■ **Exercise requirements**
Below is a listing. Return the lines from the one that contains "Basic Cotton Long" to the one that contains "Polar Check Surf Polo Shirt - Teal - XL", both ends included, verbatim and with no pictures.

■ **Available data**
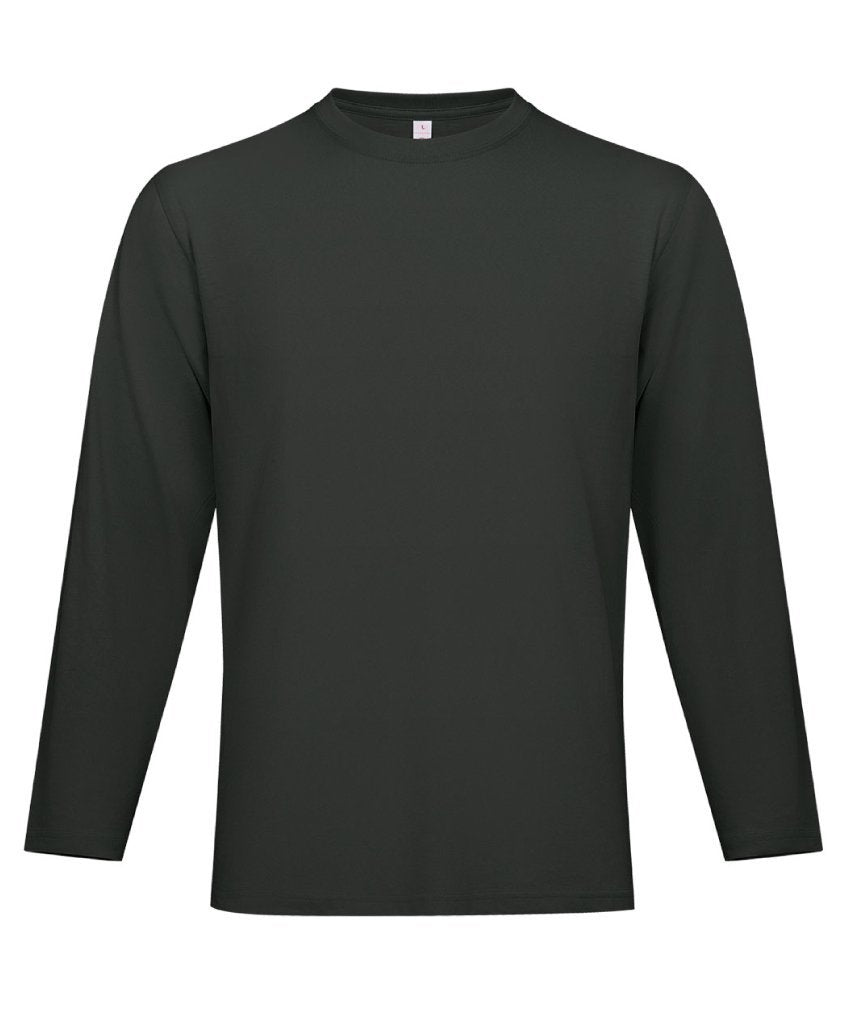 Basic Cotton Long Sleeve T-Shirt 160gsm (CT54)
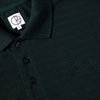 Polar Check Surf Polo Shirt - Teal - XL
* * *
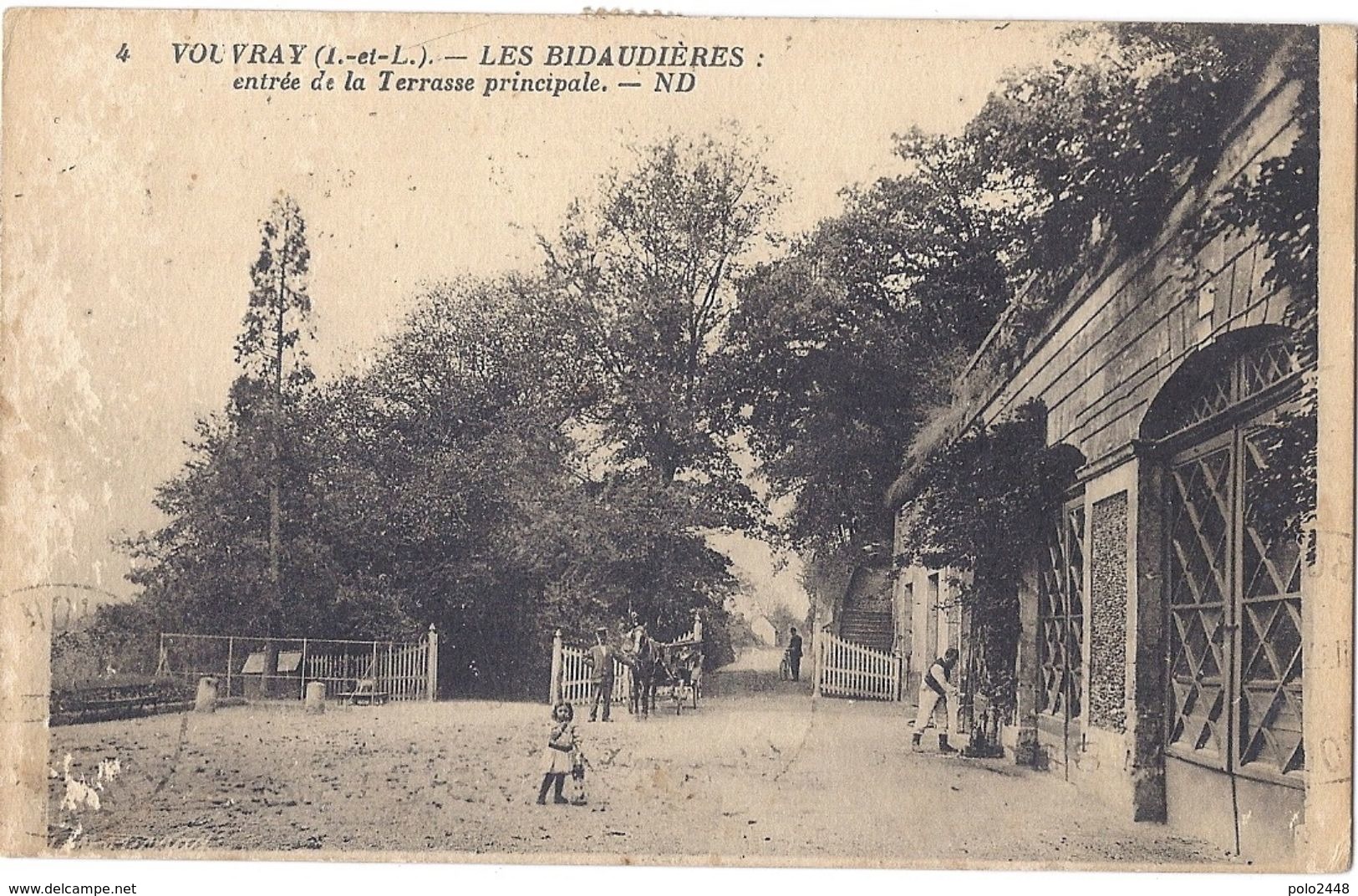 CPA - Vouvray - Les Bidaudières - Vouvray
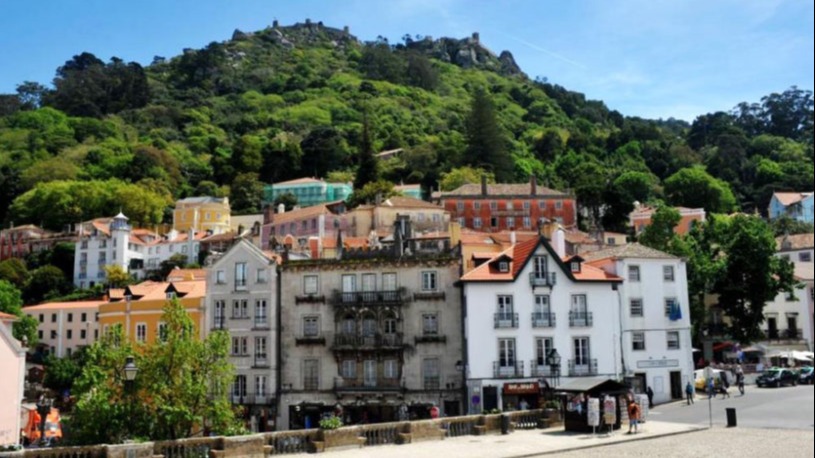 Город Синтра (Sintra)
==
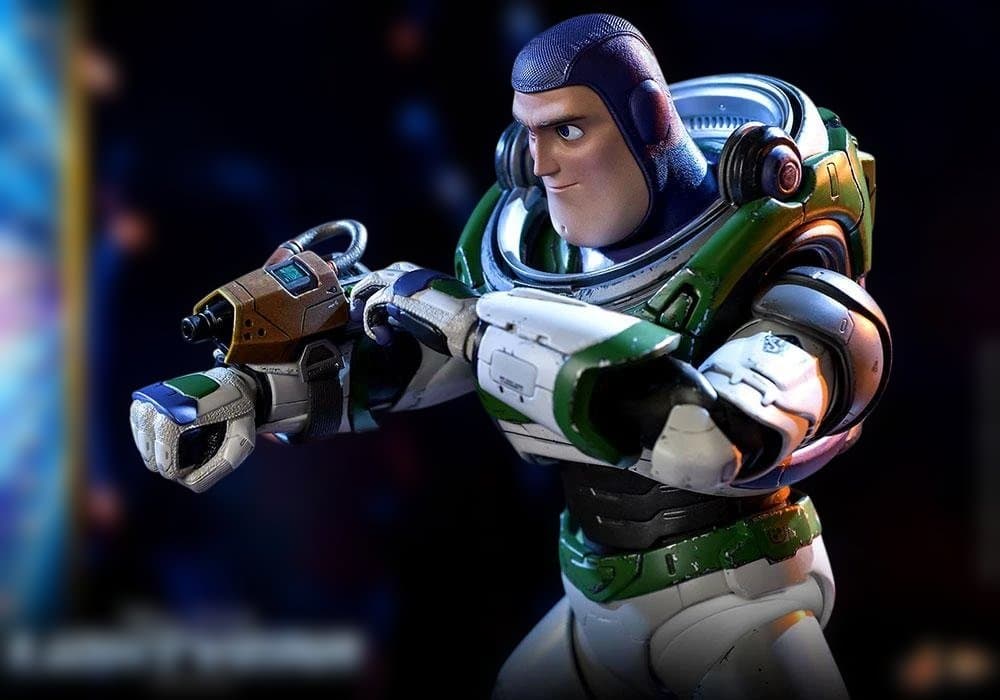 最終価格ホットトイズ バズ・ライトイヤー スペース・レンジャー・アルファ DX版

■ **Output of the task**
 Basic Cotton Long Sleeve T-Shirt 160gsm (CT54)
 Polar Check Surf Polo Shirt - Teal - XL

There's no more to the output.